ACTION ITEM → Reproduce each line of the following material exactly, omitting the images.

STORED DATA →

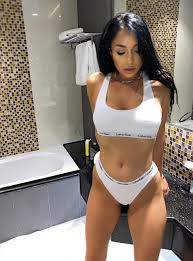Dubai Downtown-Karina Model-Burj Khalifa, Portuguese escort in Dubai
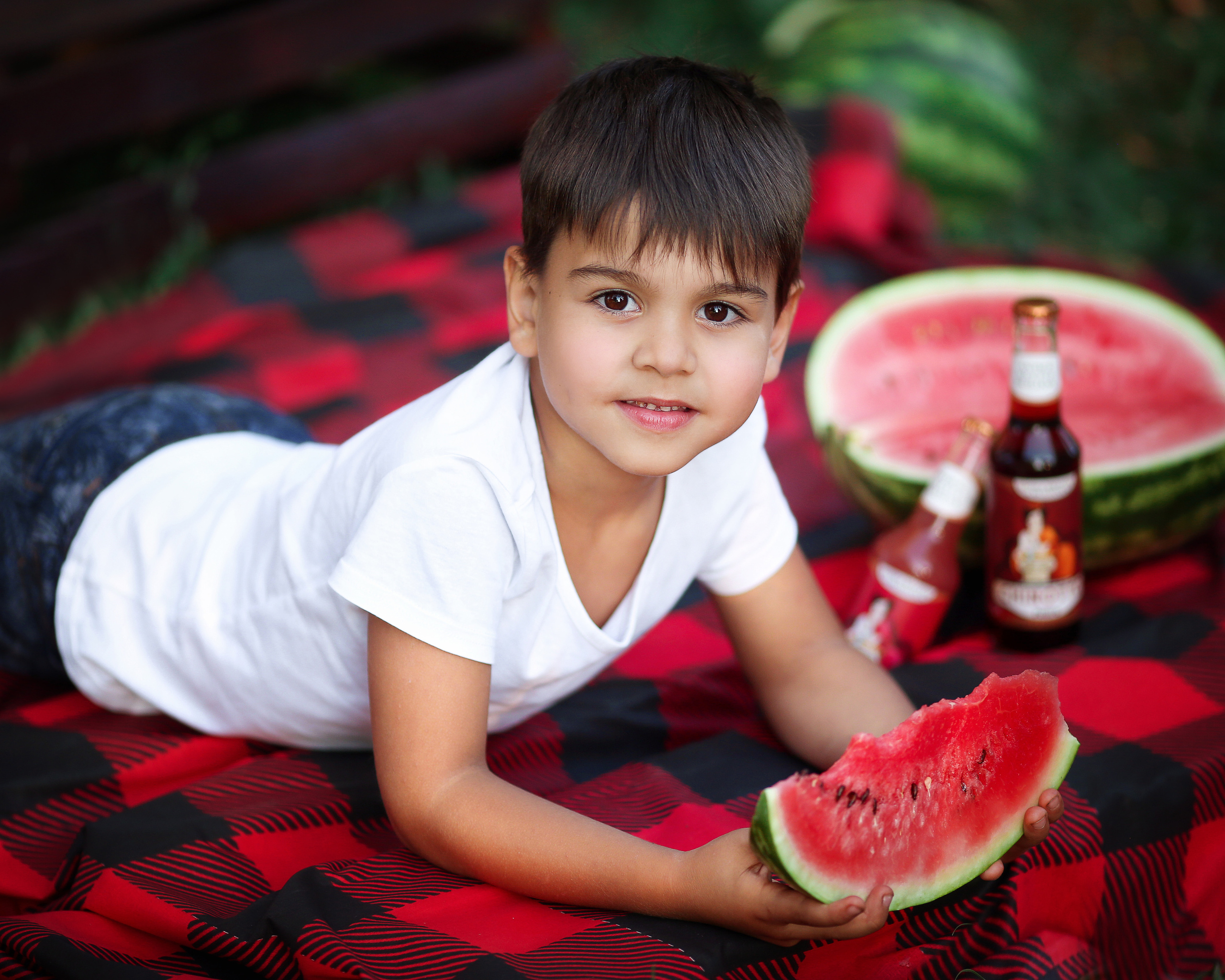 Михаэль. Школьные фотоальбомы, фотосессии, шаблоны фотокниг, школьный фотограф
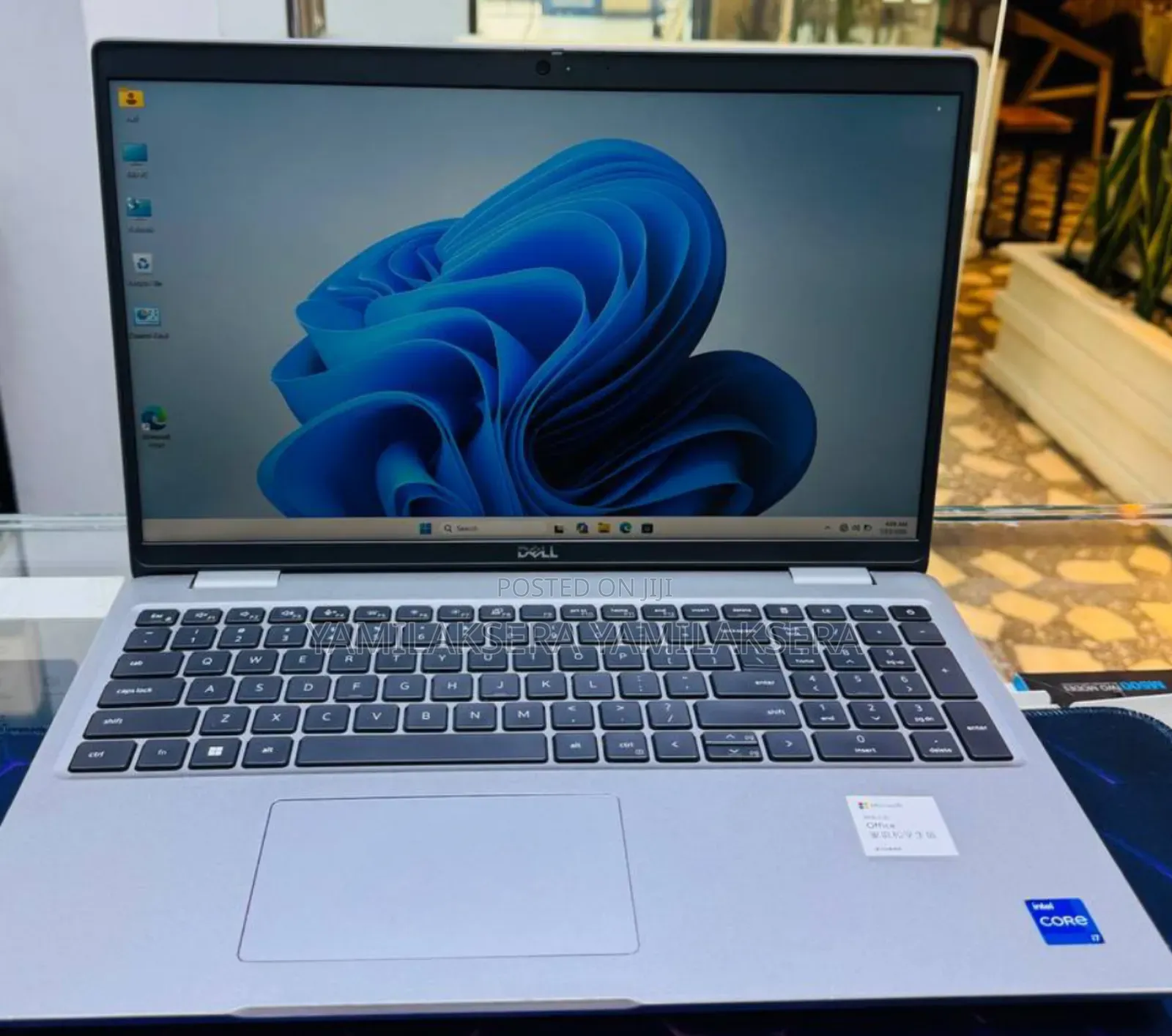 New Laptop Dell Precision 3581 16GB Intel Core i7 SSD 1T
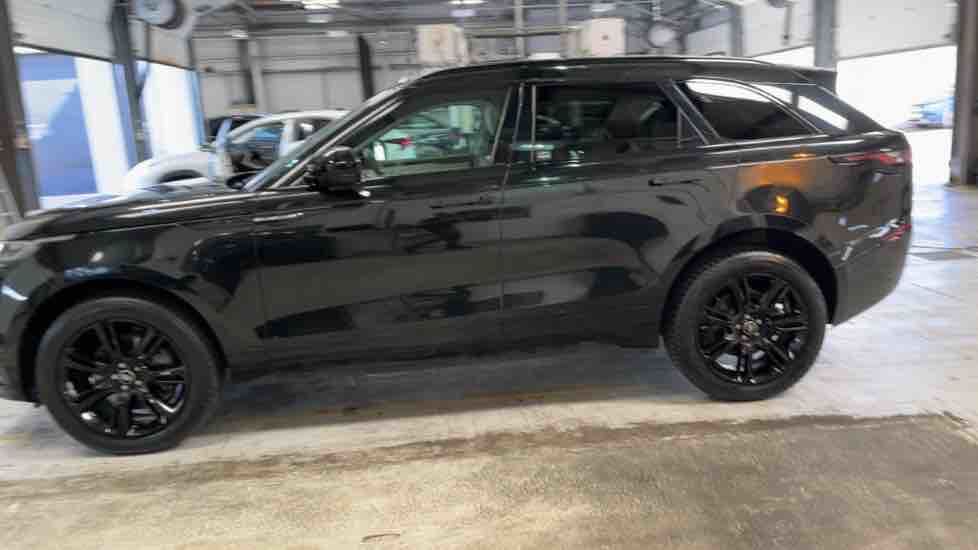 More views of Land Rover Range Rover Velar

RESULT FOR THIS TASK →
Dubai Downtown-Karina Model-Burj Khalifa, Portuguese escort in Dubai
 Михаэль. Школьные фотоальбомы, фотосессии, шаблоны фотокниг, школьный фотограф
 New Laptop Dell Precision 3581 16GB Intel Core i7 SSD 1T
 More views of Land Rover Range Rover Velar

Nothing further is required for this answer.